CAPA#

class CAPA(segment_saving: BaseIntervalScorer | None = None, point_saving: BaseIntervalScorer | None = None, segment_penalty: ArrayLike | float | None = None, point_penalty: ArrayLike | float | None = None, penalty_scale: float = 1.0, min_segment_length: int | None = None, max_segment_length: int | None = None, include_point_anomalies: bool = False)[source][source]#

Collective and Point Anomaly (CAPA) detection algorithm.

An efficient implementation of the CAPA family of algorithms for anomaly detection [1] [2]. Detects contiguous anomalous segments (collective anomalies) and isolated anomalous samples (point anomalies) via a dynamic programming formulation based on a penalised saving.

Standard usage is to pass unpenalised savings (or None) and configure the penalty via segment_penalty / point_penalty / penalty_scale / agg. Already-penalised scorers are also accepted; in that case the scorer owns its own penalty/aggregation and the corresponding detector parameters are ignored.

Parameters:
segment_savingBaseIntervalScorer or None, default=None

Saving for segment anomaly detection. Must be an instance of BaseIntervalScorer with score_type="saving". If None, defaults to L2Saving.

point_savingBaseIntervalScorer or None, default=None

Saving for point anomaly detection. Must be an instance of BaseIntervalScorer with score_type="saving" and min_size == 1. If None, defaults to a clone of segment_saving when segment_saving.min_size == 1 (and segment_saving is not itself penalised), otherwise L1Saving.

segment_penaltyfloat, array-like of shape (n_features,) or None, default=None

Penalty subtracted from the aggregated segment saving; a candidate is accepted only when the result is positive.

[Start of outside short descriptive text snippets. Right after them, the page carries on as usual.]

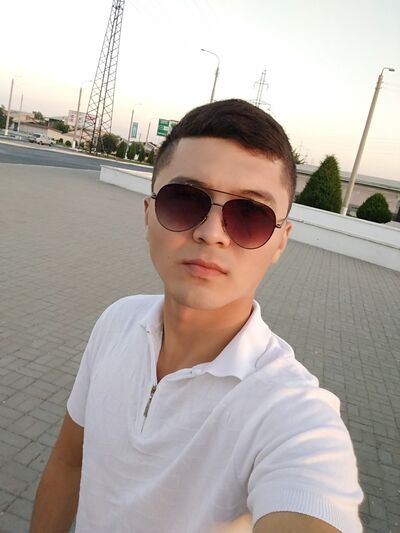  ,   SattoroV, 31 ,     , c 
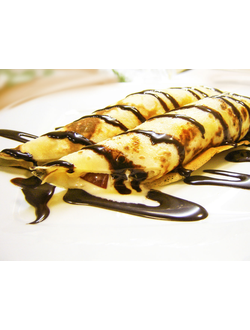 Блинчики с шоколадом и бананами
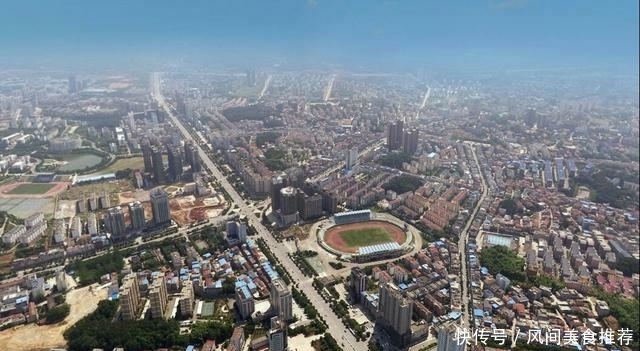  「咸宁」中国一座处武汉、南昌、长沙之间的城市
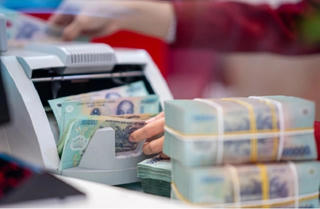 Ngân hàng tuần qua: Lãi suất huy động áp sát 9,5%/năm, USD hướng mốc 25.000 đồng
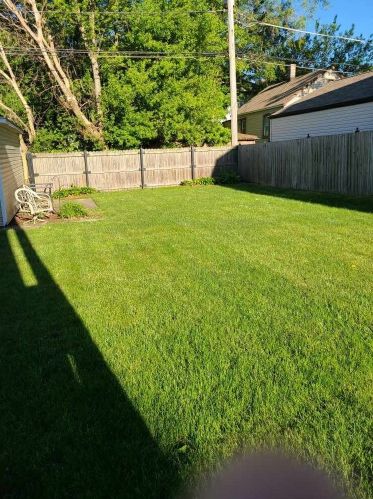 9326 Luella Ave, Chicago IL 60649-4108 exterior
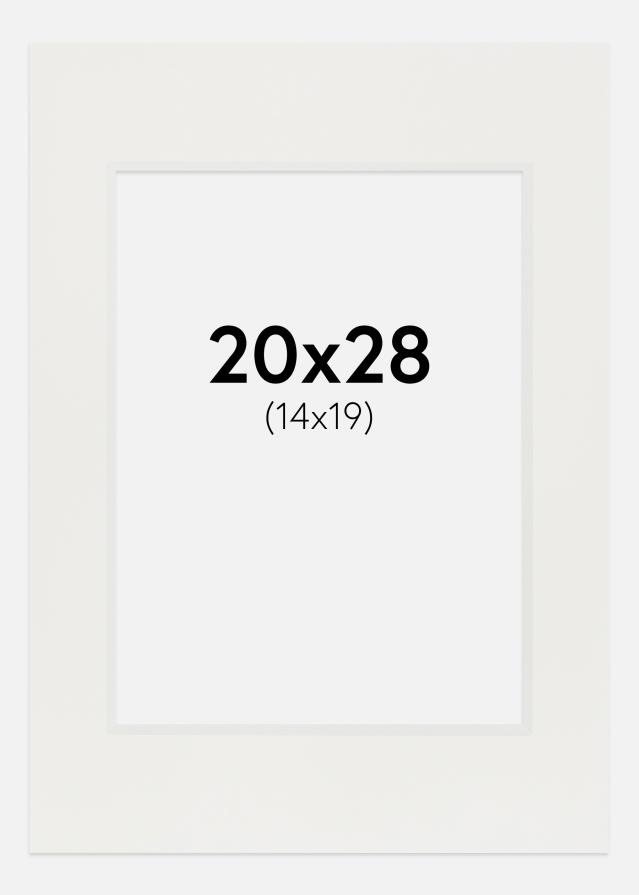 Паспарту бяло 3 mm Бяло ядро 20x28 cm (14x19)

  • float: scalar penalty (summed saving across features).

  • array-like of length n_features, non-decreasing: element i is the penalty for i+1 jointly affected features; CAPA picks the k largest feature savings maximising sum(top_k) - penalty[k-1] (handles sparse anomalies).

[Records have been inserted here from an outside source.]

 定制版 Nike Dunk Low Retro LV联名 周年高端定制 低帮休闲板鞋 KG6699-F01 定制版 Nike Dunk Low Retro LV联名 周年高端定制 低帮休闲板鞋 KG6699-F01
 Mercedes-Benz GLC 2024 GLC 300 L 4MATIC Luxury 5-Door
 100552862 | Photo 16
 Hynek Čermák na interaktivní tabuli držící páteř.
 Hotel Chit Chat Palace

  • None: uses segment_saving.get_default_penalty().

Ignored when segment_saving is already penalised.

point_penaltyfloat, array-like of shape (n_features,) or None, default=None

Same semantics as segment_penalty but for point anomalies. Defaults to 2 * linear_chi2_penalty(n_samples, n_features) — twice the segment default — to prioritise segment anomalies over isolated points. Ignored when point_saving is already penalised.

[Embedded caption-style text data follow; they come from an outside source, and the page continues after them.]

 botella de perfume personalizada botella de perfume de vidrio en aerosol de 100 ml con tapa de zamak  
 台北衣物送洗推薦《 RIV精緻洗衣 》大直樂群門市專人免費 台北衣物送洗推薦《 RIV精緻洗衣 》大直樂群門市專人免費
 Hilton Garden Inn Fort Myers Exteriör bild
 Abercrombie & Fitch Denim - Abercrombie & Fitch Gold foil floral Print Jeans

penalty_scalefloat, default=1.0

Positive multiplier applied to both segment_penalty and point_penalty. A single tuning knob that preserves the shape of array penalties.

min_segment_lengthint or None, default=None

Minimum segment anomaly length. Defaults to 2 * segment_saving.min_size — a finite-sample safety floor against spurious short segments from scale-estimating savings (e.g. Gaussian, Laplace). Must be at least segment_saving.min_size.

max_segment_lengthint or None, default=None

Maximum number of samples in a segment anomaly. Defaults to n_samples // 2 when None, with a minimum of min_segment_length.

include_point_anomaliesbool, default=False

If True, detected point anomalies are included alongside segment anomalies in the output of predict, predict_segment_anomalies, predict_changepoints, and predict_scores treated as single-sample intervals. Point anomalies are always available via predict_all regardless of this setting.

Attributes:
segment_saving_BaseIntervalScorer

Fitted segment saving scorer (the unpenalised scorer, or the user-supplied penalised scorer).

point_saving_BaseIntervalScorer

Fitted point saving scorer.

segment_penalty_float, np.ndarray or None

Effective segment penalty used at detection time (resolved base penalty multiplied by penalty_scale). None when segment_saving is inherently penalised.

point_penalty_float, np.ndarray or None

Effective point penalty. None when point_saving is inherently penalised.

Methods

fit(X[, y])

Fit both savings to training data.

fit_predict(X[, y])

Fit to data, then predict per-sample segment labels.

get_metadata_routing()

Get metadata routing of this object.

get_params([deep])

Get parameters for this estimator.

predict(X)

Detect anomalies, returning per-sample segment labels.

predict_all(X)

Detect anomalies, returning all outputs in a single pass.

predict_changepoints(X)

Return sorted anomaly boundary indices.

predict_scores(X[, return_index])

Return the penalised savings at every interval the CAPA DP evaluated.

predict_segment_anomalies(X)

Detect anomalies as [start, end) intervals.

set_params(**params)

Set the parameters of this estimator.

References

[1]

Fisch, A. T., Eckley, I. A., & Fearnhead, P. (2022). A linear time method for the detection of collective and point anomalies. Statistical Analysis and DataMining: The ASA Data Science Journal, 15(4), 494-508.

[2]

Fisch, A. T., Eckley, I. A., & Fearnhead, P. (2022). Subset multivariate collective and point anomaly detection. Journal of Computational and Graphical Statistics, 31(2), 574-585.

Examples

>>> import numpy as np
>>> from skchange.new_api.detectors import CAPA
>>> rng = np.random.default_rng(2)
>>> X = np.concatenate([rng.normal(0, 1, (100, 1)),
...                     rng.normal(10, 1, (20, 1)),
...                     rng.normal(0, 1, (100, 1))])
>>> detector = CAPA()
>>> detector.fit(X).predict_segment_anomalies(X)
array([[100, 120]])
fit(X: ArrayLike, y: ArrayLike | None = None) Self[source][source]#

Fit both savings to training data.

Parameters:
XArrayLike of shape (n_samples, n_features)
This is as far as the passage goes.